In determining which youth development center to close, Bordsen said the legislature should have “split the penny,” shuttered the oldest — Dobbs Farm — and sent the 18 boys and girls housed there to either of the state’s two newest facilities, Lenoir and Edgecombe.

The Mebane lawyer who currently co-chairs the House Appropriations Subcommittee on Justice and Public Safety described the Dobbs Farm center as a “ghost town,” adding that its facilities were “old,” “dark” and “not suitable” for today’s youth.

“Most of the buildings are not used and many of them have their windows boarded up,” said Bordsen. “You can only imagine what a young person who has been removed from their home and put into a custodial situation must think when they are driven into that facility.”

LaRoque argued for continued funding of the Dobbs Farm and Lenoir Youth Development Center because the two share a campus, use some of the same facilities, such as the kitchen, and are more “cost-efficient” than Edgecombe.

“It’s not one of those things that I am against Edgecombe,” LaRoque said. “It’s just when it comes down to dollars and cents it makes more sense to keep the two centers in Lenoir County open.”

“By taking these actions, we are saving taxpayers money and maximizing our state’s limited resources,” LaRoque added.

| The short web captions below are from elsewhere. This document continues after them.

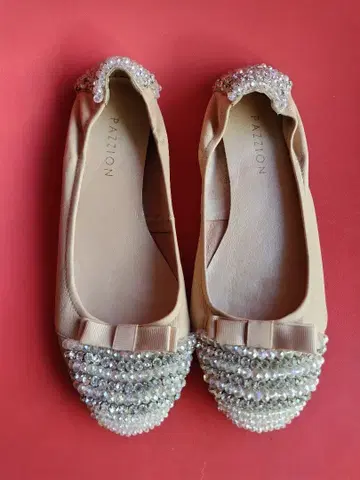 Pazzion 펄 장식 플랫슈즈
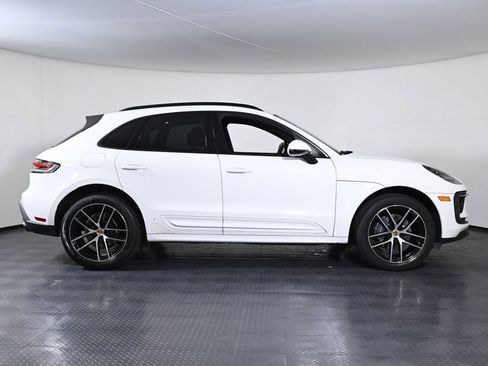 Certified 2022 Porsche Macan AWD/4WD image 8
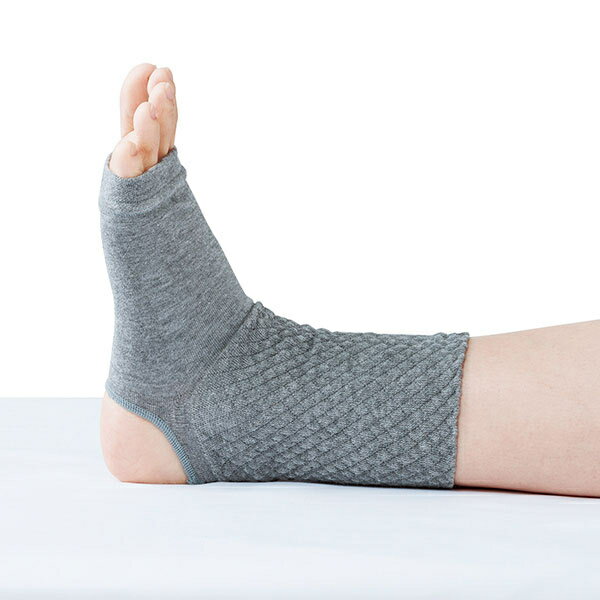 【ネコポス】【送料無料】メディカル備長炭 足裏サポーター 左右1組 磁気治療器 治療機器 血行促進 磁気 マグネット 足裏 足首 コリ 磁石 サポーター 男女兼用 就寝用 夜用 ナイト用 磁気サポーター 足首サポーター 立ち仕事 足 むくみ 土踏まず 永久磁石 足裏刺激 備長炭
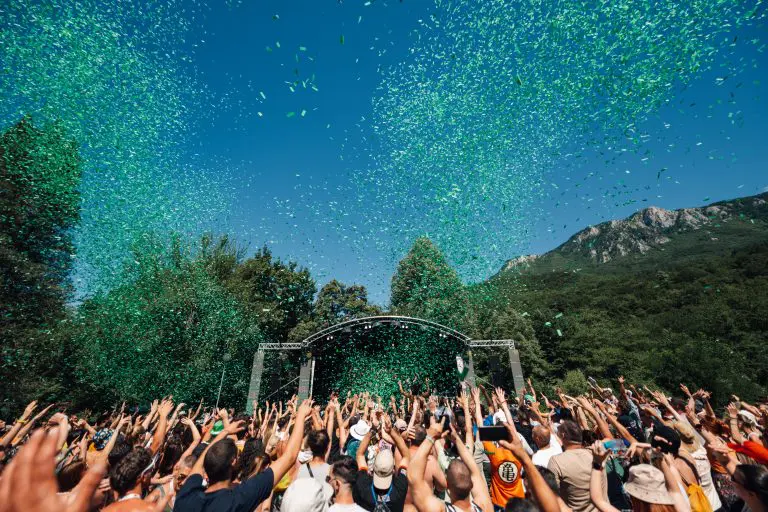 „Tjentište živi punim plućima: Počeo „Jelen OK Fest“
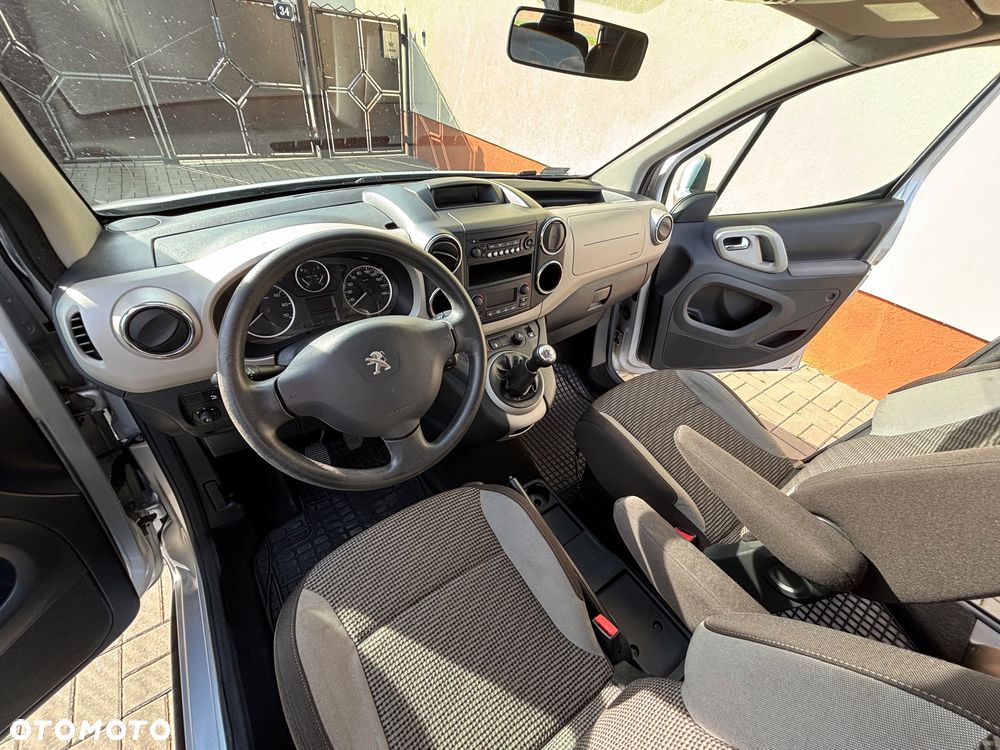 Peugeot Partner 1.6 HDi Outdoor 7os - 15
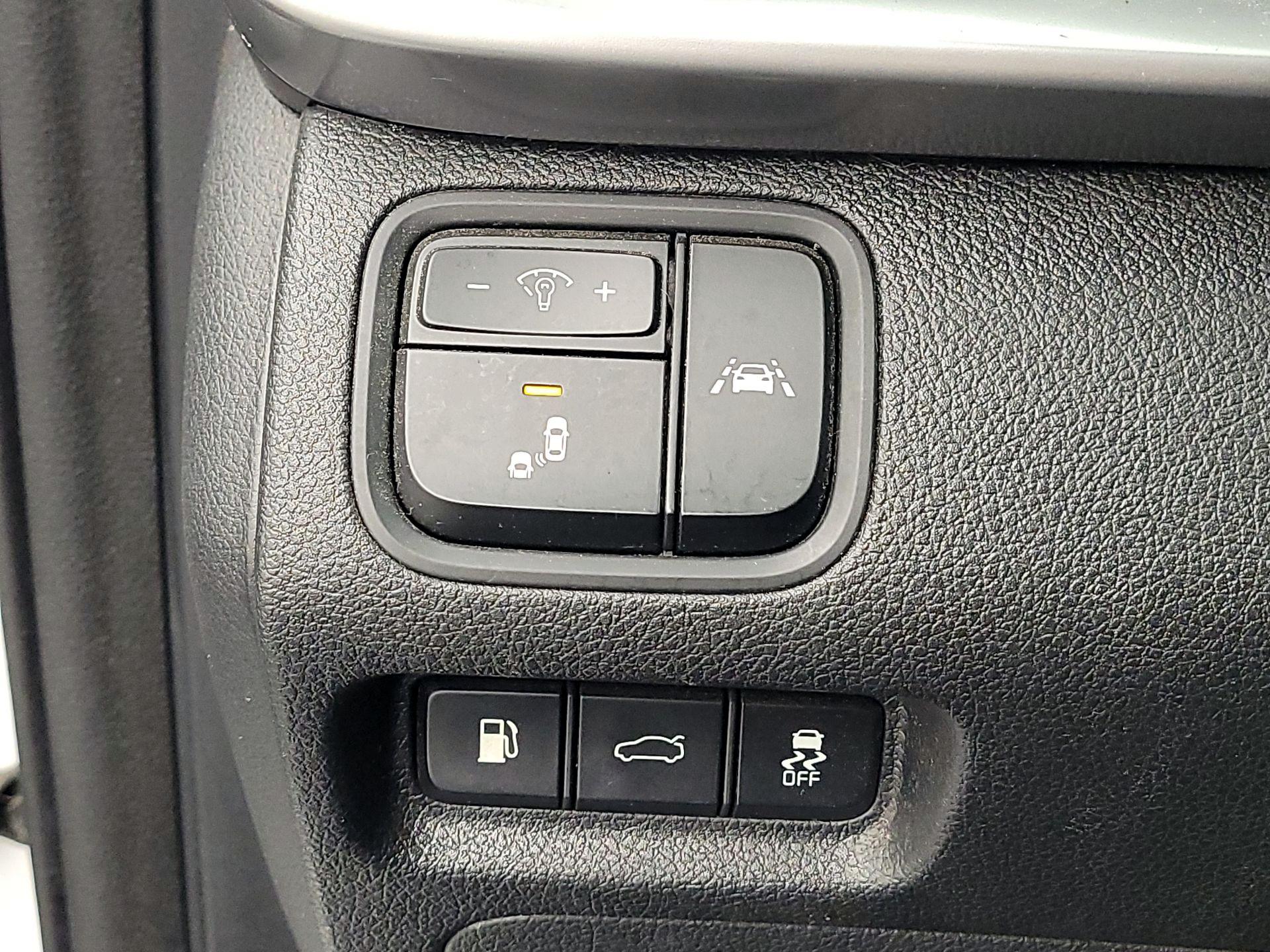 Thumbnail: 2020 Kia Optima - 13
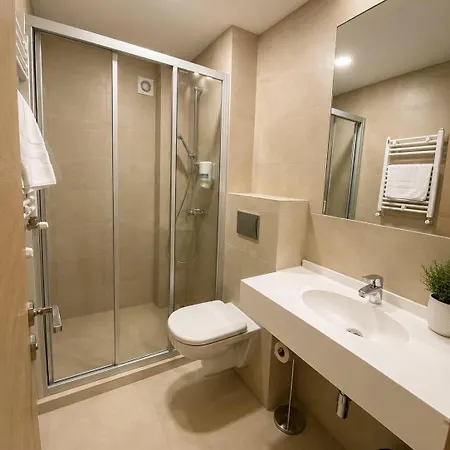 Hotel Rhodos 3*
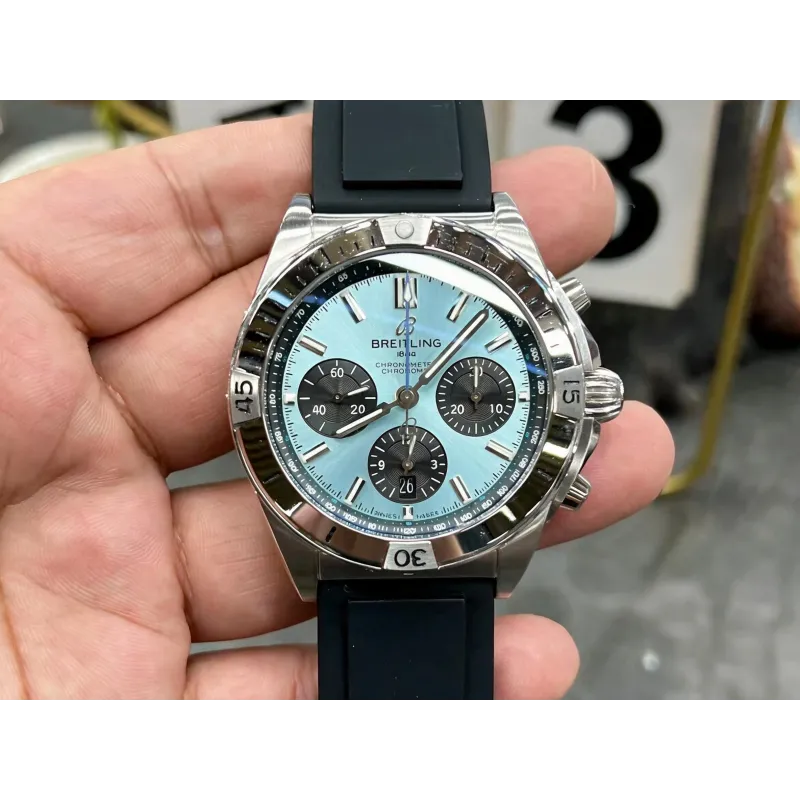 Breitling Chronomat PB0134101C1S1 Replica - IJsblauwe Wijzerplaat Geribbelde Lunette
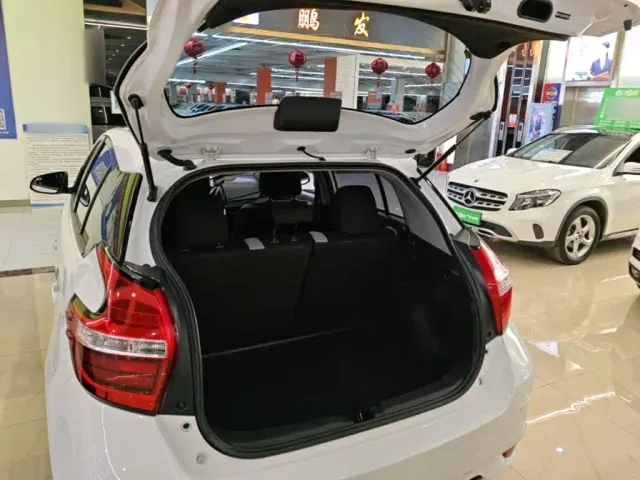 Toyota YARiS L Zhi Xuan — Фото автомобиля 18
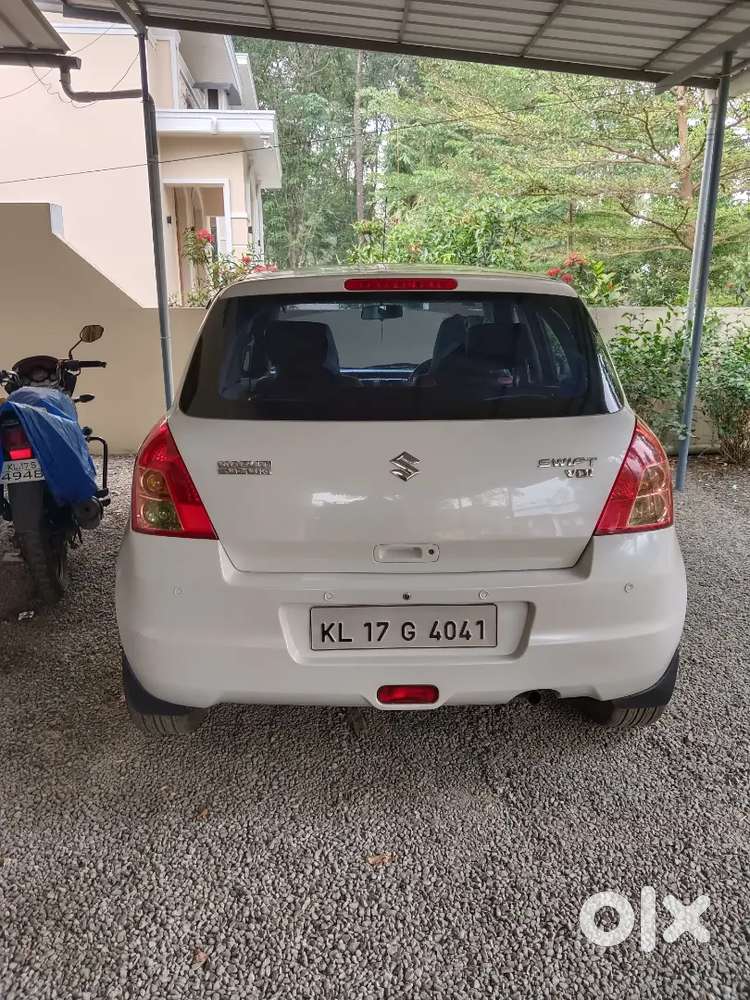 Maruti Suzuki Swift 2010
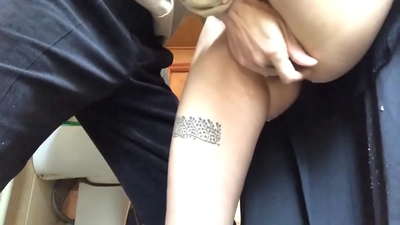 сквирт в школьном туалете, настоящий пенный оргазм - мой учитель постарался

Bordsen disagreed, saying the long-term impacts of the cut would devastate a county reeling from a 14 percent unemployment rate, further complicate the consolidation process at the North Carolina Department of Public Safety and slow the state’s effort to raise the age for juvenile jurisdiction from 16 to 18.

Bordsen originally supported the Department of Public Safety’s request to have no facilities managed under its Division of Juvenile Justice be cut. After representatives insisted one must be cut, she went to her fallback, which was to cut Dobbs.

“The Department of Public Safety supports the governor’s budget, which had no closures of Juvenile Justice facilities,” said Pamela Walker, spokesperson for the state agency that includes the divisions of Juvenile Justice and Adult Correction.

Walker said it would be “premature” for any staff of hers to say any more as there are still several steps to go in the budget process.

“We have no way of knowing for certain what may or may not be included in the final budget,” Walker said.

Closure of the Edgecombe YDC would make it the second facility of its kind to close this biennium. Samarkand, a large facility in Moore County, had to shut its doors before the Department of Public Safety had time to “repurpose” it.

“This is a newly consolidated department that had to start functioning sooner than we should have asked them,” Bordsen said. “They don’t even know what they own and they need time to do a complete inventory of all of their properties and determine which ones suit the core purposes of its divisions.”

Bordsen said reconciling two dramatically different divisions in one new department quickly has proved to be a challenge.

She said the Edgecombe facility, if closed, could reopen in the future but that it would be difficult because after the process of closing and eliminating or relocating an employee, it hard to recreate or bring back a position.